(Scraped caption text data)
------------------------------------------------------------

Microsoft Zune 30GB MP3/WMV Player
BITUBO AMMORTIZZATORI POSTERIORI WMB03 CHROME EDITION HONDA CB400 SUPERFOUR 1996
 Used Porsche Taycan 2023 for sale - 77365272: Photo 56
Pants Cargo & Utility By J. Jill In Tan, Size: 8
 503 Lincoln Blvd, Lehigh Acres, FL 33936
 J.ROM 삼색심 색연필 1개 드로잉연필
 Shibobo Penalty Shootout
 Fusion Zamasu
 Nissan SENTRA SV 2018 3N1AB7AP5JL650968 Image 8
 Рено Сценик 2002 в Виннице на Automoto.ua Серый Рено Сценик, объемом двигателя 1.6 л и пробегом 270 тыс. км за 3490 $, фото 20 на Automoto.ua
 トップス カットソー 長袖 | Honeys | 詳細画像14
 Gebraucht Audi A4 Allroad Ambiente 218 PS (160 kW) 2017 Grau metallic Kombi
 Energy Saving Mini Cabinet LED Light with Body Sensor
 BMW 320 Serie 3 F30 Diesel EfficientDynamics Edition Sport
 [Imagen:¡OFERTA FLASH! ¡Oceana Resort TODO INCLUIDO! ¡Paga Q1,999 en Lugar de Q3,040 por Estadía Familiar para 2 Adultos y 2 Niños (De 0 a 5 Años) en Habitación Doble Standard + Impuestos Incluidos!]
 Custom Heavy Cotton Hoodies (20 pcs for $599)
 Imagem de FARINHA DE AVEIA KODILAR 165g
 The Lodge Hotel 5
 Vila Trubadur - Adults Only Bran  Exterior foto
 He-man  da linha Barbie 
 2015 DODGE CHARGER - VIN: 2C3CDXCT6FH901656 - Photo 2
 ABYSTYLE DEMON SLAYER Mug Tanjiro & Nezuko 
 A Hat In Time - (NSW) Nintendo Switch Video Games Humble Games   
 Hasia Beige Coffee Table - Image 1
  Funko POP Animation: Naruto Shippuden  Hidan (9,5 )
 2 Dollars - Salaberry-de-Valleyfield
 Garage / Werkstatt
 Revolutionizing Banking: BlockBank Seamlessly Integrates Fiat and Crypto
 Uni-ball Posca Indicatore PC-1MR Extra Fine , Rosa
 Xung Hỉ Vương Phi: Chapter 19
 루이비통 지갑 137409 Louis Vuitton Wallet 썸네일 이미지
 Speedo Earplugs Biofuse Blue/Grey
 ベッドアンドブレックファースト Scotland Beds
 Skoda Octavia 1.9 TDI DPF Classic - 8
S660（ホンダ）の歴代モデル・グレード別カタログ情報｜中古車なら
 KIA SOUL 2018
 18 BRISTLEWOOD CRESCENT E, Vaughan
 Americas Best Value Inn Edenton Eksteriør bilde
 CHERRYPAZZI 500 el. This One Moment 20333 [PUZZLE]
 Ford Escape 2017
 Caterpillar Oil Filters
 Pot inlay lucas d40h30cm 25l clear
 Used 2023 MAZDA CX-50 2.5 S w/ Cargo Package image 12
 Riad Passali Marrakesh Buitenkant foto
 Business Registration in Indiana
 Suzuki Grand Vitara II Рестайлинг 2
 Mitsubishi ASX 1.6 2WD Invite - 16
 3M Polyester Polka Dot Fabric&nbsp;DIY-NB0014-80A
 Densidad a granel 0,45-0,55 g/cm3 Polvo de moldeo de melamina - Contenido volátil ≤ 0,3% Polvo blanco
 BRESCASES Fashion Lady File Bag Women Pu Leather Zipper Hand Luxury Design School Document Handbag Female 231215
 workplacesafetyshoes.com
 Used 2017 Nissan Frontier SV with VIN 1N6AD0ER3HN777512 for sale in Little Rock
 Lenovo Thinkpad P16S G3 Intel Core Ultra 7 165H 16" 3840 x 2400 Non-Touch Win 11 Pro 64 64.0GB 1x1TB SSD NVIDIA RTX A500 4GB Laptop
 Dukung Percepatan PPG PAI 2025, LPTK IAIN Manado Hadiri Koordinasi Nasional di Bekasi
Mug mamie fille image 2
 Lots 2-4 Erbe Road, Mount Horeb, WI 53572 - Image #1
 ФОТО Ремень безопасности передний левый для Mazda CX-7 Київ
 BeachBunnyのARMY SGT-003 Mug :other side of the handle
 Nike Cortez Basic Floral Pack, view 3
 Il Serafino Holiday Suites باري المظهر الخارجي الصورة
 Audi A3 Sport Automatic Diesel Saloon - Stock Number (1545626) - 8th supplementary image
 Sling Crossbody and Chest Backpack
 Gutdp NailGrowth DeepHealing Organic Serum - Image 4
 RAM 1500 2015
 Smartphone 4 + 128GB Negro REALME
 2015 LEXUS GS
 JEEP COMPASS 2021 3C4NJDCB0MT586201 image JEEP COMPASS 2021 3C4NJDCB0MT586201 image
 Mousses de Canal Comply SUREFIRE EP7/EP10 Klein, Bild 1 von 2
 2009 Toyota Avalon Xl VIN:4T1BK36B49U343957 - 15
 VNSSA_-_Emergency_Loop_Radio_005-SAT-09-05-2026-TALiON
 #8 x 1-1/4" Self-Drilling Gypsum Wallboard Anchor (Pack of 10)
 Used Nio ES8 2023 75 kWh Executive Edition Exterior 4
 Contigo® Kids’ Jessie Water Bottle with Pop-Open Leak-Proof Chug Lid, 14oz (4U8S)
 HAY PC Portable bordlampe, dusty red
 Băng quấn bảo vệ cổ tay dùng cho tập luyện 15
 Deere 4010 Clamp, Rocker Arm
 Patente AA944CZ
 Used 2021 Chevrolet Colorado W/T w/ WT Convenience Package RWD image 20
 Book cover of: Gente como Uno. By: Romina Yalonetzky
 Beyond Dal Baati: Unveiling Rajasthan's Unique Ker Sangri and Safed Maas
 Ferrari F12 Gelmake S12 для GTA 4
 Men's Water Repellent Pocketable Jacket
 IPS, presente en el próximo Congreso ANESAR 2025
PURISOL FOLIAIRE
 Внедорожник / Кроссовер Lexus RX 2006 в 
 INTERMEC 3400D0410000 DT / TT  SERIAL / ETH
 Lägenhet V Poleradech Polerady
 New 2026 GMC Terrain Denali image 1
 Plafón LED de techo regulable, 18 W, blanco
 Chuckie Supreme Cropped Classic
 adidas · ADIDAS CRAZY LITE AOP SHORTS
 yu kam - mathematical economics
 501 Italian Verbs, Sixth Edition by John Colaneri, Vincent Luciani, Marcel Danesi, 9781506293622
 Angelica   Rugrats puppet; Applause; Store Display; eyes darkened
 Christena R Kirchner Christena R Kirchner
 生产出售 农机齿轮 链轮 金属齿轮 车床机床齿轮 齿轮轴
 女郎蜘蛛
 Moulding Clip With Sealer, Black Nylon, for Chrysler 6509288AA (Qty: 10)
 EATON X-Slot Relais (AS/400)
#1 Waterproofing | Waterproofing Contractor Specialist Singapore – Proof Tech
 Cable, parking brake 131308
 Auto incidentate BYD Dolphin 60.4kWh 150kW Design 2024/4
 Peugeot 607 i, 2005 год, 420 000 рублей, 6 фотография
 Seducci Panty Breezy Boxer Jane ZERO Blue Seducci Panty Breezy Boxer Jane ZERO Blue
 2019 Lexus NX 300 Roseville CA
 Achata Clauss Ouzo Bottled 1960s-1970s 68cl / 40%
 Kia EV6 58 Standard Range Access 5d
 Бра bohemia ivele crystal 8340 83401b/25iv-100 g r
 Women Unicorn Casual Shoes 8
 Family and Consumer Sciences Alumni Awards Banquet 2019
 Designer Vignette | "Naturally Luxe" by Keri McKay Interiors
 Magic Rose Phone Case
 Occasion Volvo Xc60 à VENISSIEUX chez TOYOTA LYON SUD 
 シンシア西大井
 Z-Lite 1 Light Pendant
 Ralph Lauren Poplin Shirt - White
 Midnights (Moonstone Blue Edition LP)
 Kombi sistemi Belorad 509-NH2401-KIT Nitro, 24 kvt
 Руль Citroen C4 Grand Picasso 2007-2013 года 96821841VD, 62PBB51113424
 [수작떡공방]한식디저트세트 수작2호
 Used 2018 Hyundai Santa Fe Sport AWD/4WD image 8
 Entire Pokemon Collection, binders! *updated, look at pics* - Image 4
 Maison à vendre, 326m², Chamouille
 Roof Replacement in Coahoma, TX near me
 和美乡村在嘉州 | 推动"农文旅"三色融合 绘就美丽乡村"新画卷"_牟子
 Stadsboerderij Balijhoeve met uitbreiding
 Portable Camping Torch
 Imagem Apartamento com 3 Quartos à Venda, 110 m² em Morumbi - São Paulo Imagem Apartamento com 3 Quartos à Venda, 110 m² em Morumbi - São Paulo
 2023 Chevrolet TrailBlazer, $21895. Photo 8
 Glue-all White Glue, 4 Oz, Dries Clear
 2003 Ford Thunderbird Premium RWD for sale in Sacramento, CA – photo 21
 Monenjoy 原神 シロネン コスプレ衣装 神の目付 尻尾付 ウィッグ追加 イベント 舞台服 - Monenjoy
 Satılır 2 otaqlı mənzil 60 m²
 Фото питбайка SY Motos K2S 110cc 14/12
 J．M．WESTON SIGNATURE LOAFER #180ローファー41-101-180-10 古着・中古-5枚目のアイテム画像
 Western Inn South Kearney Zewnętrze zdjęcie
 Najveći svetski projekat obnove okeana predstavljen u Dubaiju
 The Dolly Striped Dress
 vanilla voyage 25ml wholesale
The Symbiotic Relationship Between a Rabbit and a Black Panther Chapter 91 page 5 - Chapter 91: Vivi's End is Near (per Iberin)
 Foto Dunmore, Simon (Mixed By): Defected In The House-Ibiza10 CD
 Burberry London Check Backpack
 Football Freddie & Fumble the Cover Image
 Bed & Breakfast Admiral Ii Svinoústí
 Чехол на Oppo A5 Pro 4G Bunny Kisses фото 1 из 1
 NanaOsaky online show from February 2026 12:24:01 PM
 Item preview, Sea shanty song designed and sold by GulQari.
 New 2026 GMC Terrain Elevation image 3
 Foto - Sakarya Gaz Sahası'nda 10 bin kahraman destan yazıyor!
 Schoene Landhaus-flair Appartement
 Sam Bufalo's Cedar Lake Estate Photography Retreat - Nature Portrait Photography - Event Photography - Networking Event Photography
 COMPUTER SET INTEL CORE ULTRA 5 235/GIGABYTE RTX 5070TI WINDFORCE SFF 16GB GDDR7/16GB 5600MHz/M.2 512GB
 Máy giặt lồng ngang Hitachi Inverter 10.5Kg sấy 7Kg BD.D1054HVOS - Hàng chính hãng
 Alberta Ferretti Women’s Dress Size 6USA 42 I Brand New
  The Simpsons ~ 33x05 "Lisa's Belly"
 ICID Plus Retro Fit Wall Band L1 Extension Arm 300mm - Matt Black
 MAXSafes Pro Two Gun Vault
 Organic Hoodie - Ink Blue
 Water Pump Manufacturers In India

------------------------------------------------------------

--- WHAT NEEDS TO BE DONE ---
Beginning with the very first line of the records above, please retype each line through the one that has "Nissan SENTRA SV", and add nothing.

--- EXPECTED ANSWER ---
Microsoft Zune 30GB MP3/WMV Player
BITUBO AMMORTIZZATORI POSTERIORI WMB03 CHROME EDITION HONDA CB400 SUPERFOUR 1996
 Used Porsche Taycan 2023 for sale - 77365272: Photo 56
Pants Cargo & Utility By J. Jill In Tan, Size: 8
 503 Lincoln Blvd, Lehigh Acres, FL 33936
 J.ROM 삼색심 색연필 1개 드로잉연필
 Shibobo Penalty Shootout
 Fusion Zamasu
 Nissan SENTRA SV 2018 3N1AB7AP5JL650968 Image 8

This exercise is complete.